TASK DIRECTIONS :: This task asks for the lines from the one with "60 North Ave, Lake Forest, IL" to the final line below, repeated exactly, with pictures omitted.

——

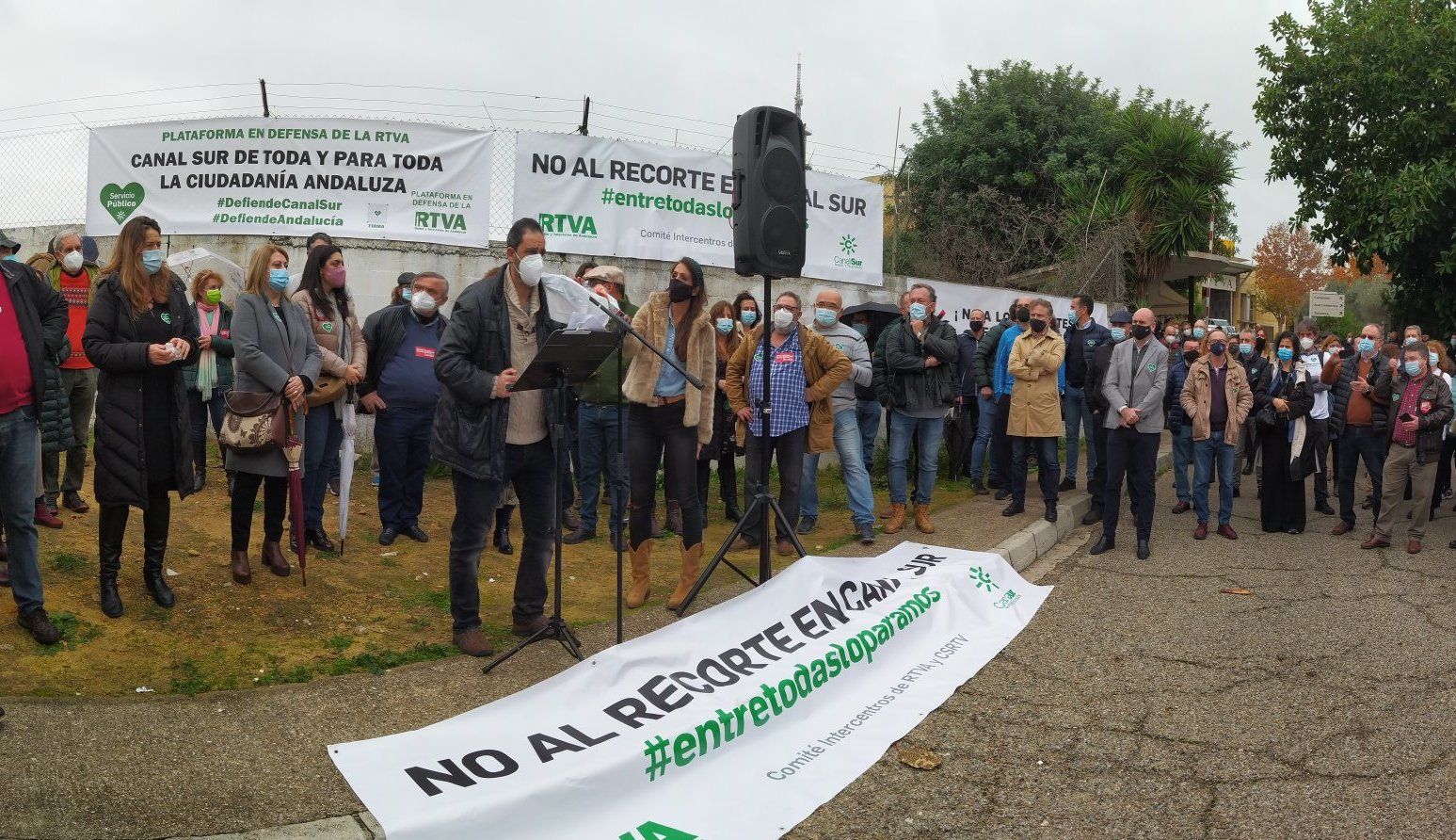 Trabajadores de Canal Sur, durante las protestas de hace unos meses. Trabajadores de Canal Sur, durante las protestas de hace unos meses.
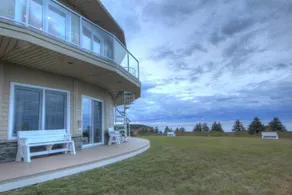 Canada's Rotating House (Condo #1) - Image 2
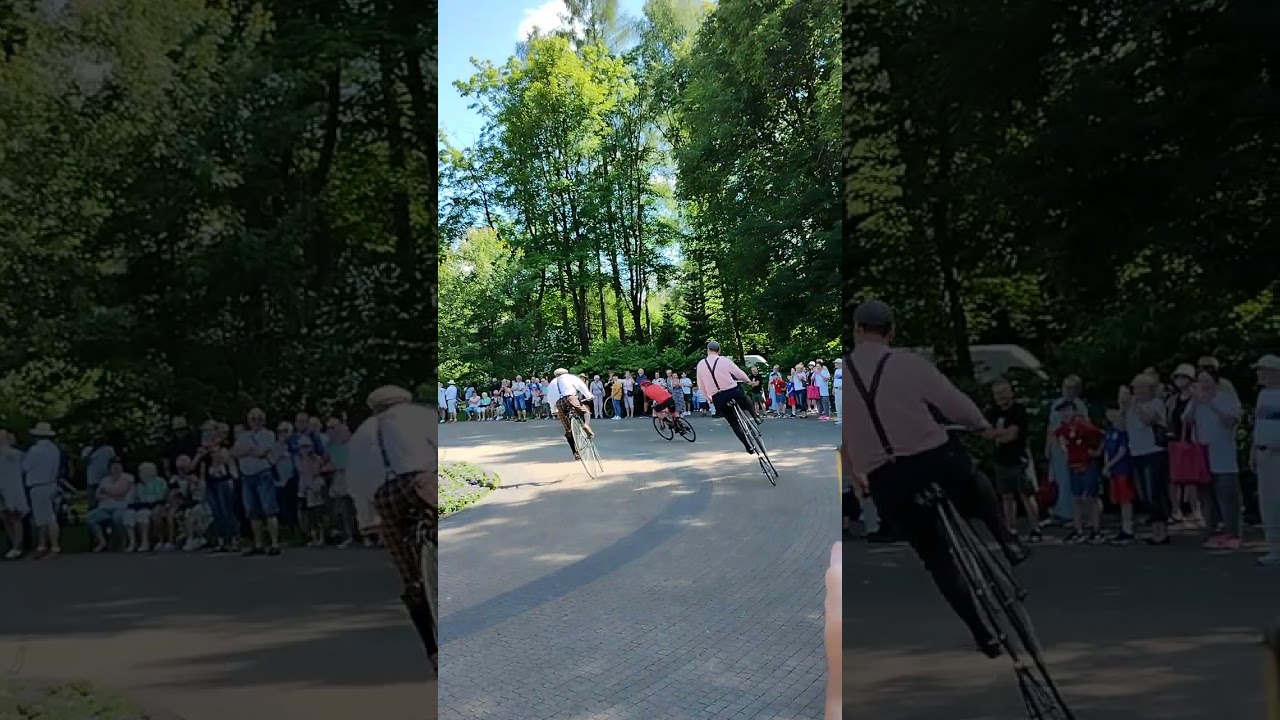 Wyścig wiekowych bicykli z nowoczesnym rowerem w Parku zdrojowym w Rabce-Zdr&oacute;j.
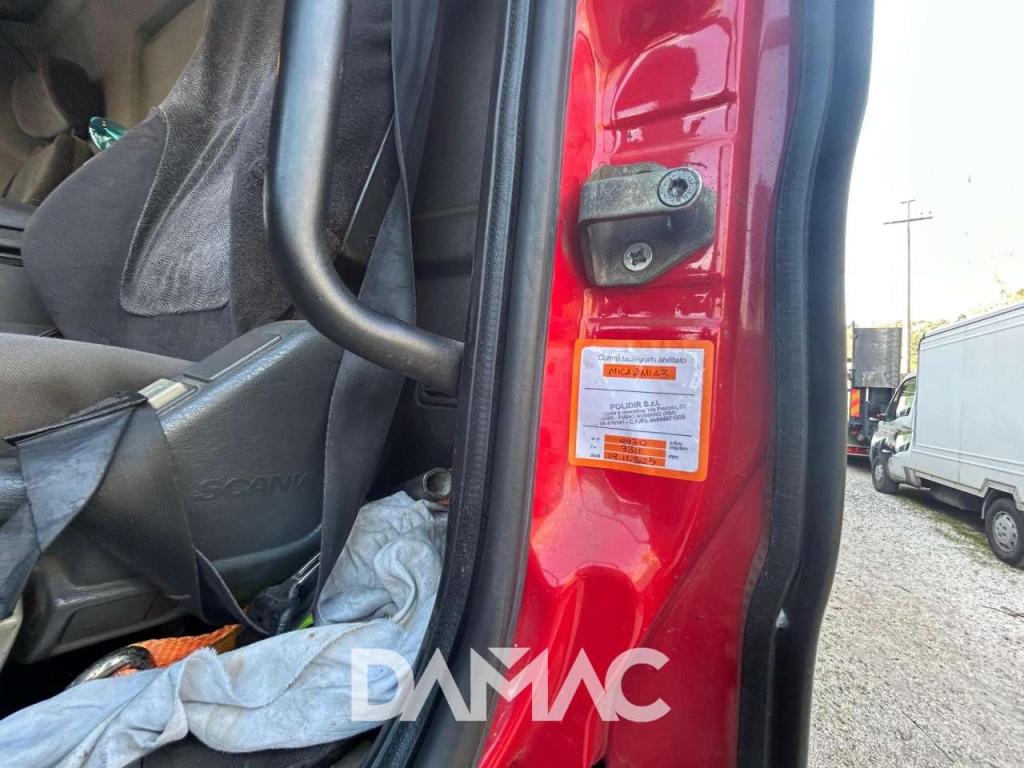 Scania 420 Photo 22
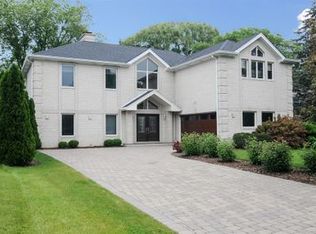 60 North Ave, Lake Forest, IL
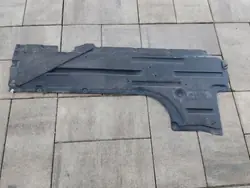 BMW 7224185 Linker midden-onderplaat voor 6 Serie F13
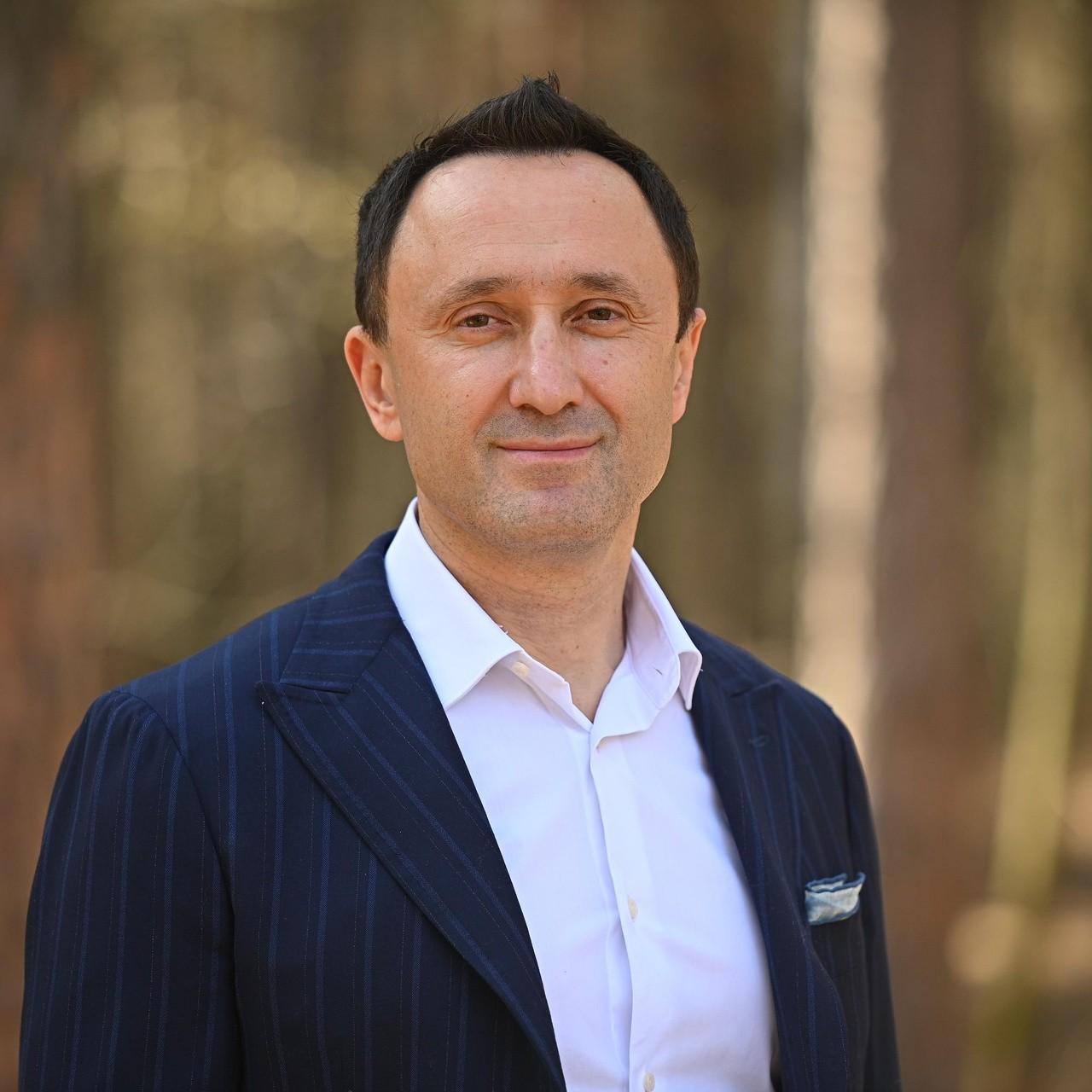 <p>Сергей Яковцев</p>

——

RESPONSE BELOW ::
 60 North Ave, Lake Forest, IL
 BMW 7224185 Linker midden-onderplaat voor 6 Serie F13
 <p>Сергей Яковцев</p>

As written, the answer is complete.